TASK INSTRUCTIONS: Your answer must be an exact repeat of the lines from the one containing "Vista 21 de" through the last line of the records, both included, with no pictures.

*** Opening of SUPPLIED ENTRIES ***

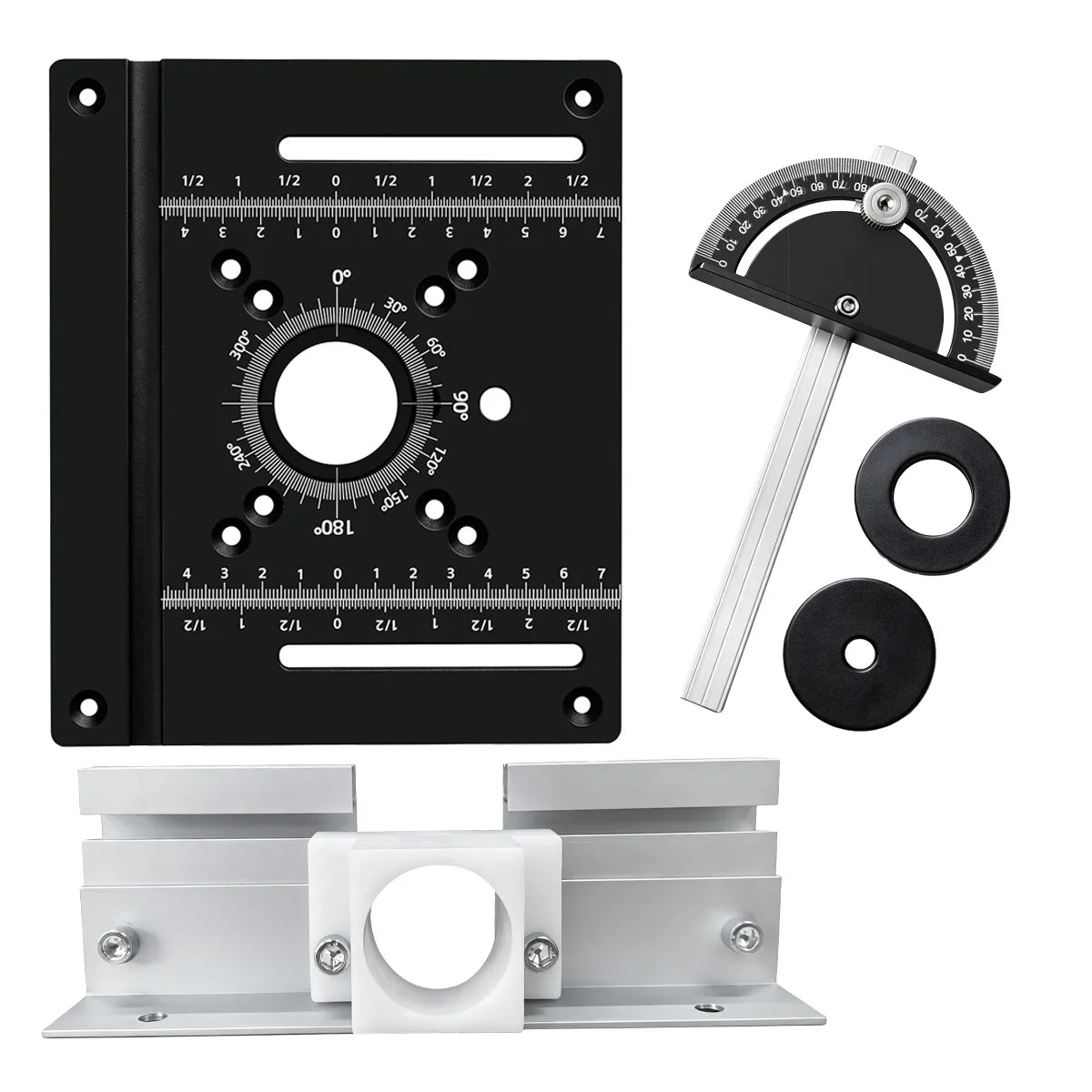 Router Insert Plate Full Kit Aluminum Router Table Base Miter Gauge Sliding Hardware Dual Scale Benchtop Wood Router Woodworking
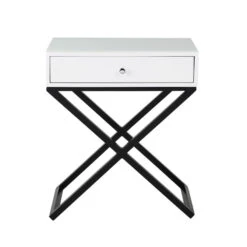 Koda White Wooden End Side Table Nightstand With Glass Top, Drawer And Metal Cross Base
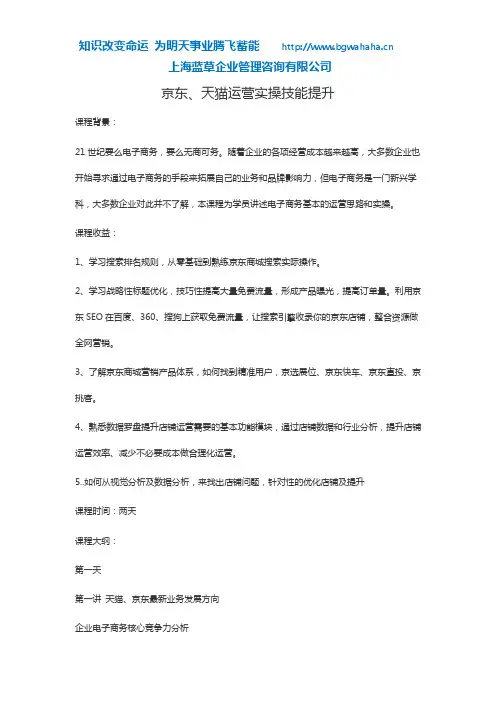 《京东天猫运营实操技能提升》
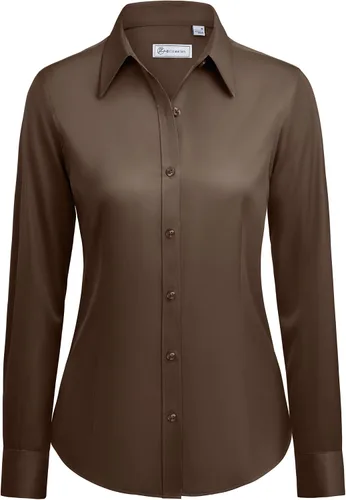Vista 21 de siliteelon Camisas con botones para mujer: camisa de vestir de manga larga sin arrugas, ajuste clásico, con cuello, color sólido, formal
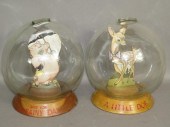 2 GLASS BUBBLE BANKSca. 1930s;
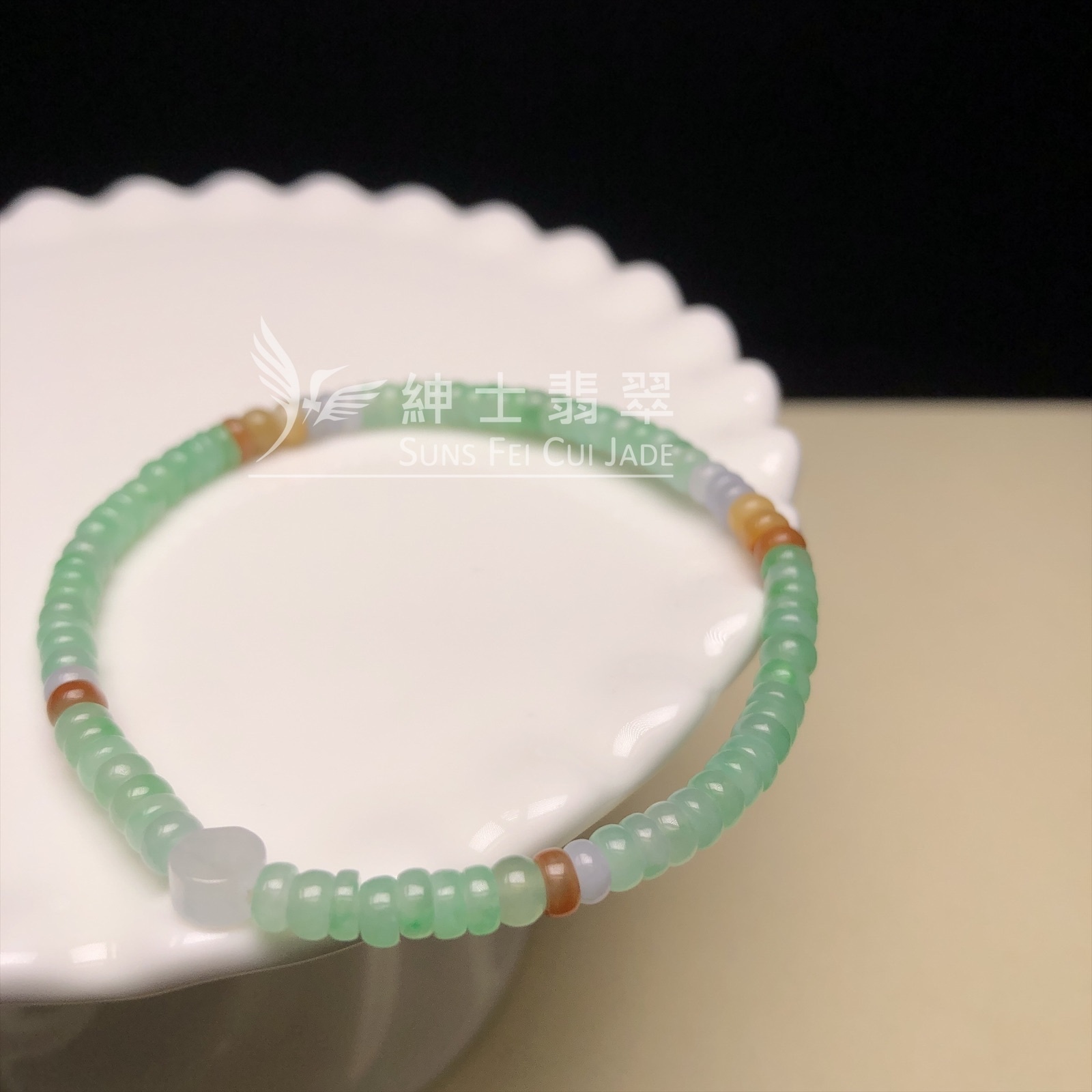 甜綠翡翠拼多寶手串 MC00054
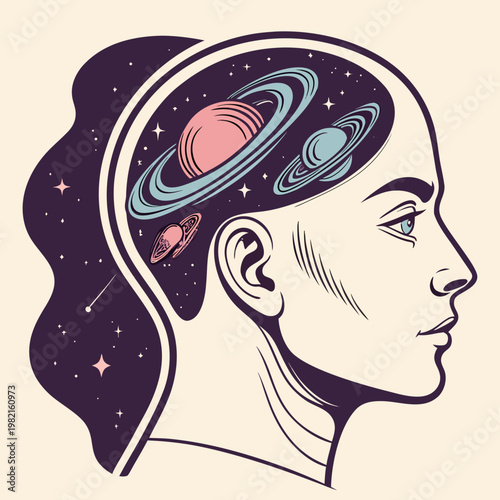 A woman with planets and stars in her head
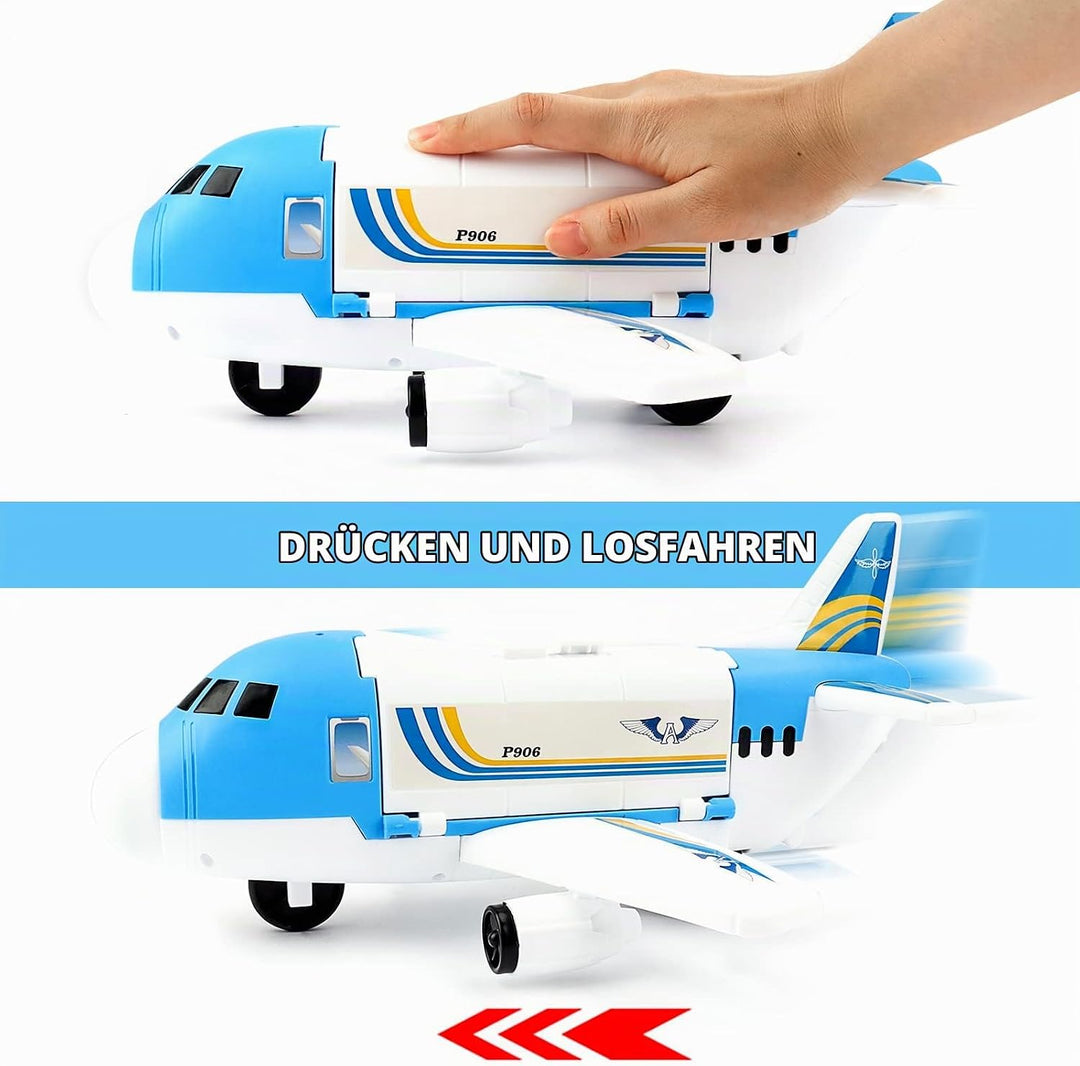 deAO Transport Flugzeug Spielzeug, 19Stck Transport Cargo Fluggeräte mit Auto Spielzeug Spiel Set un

*** Close of SUPPLIED ENTRIES ***

RESPONSE AREA:
Vista 21 de siliteelon Camisas con botones para mujer: camisa de vestir de manga larga sin arrugas, ajuste clásico, con cuello, color sólido, formal
 2 GLASS BUBBLE BANKSca. 1930s;
 甜綠翡翠拼多寶手串 MC00054
 A woman with planets and stars in her head
 deAO Transport Flugzeug Spielzeug, 19Stck Transport Cargo Fluggeräte mit Auto Spielzeug Spiel Set un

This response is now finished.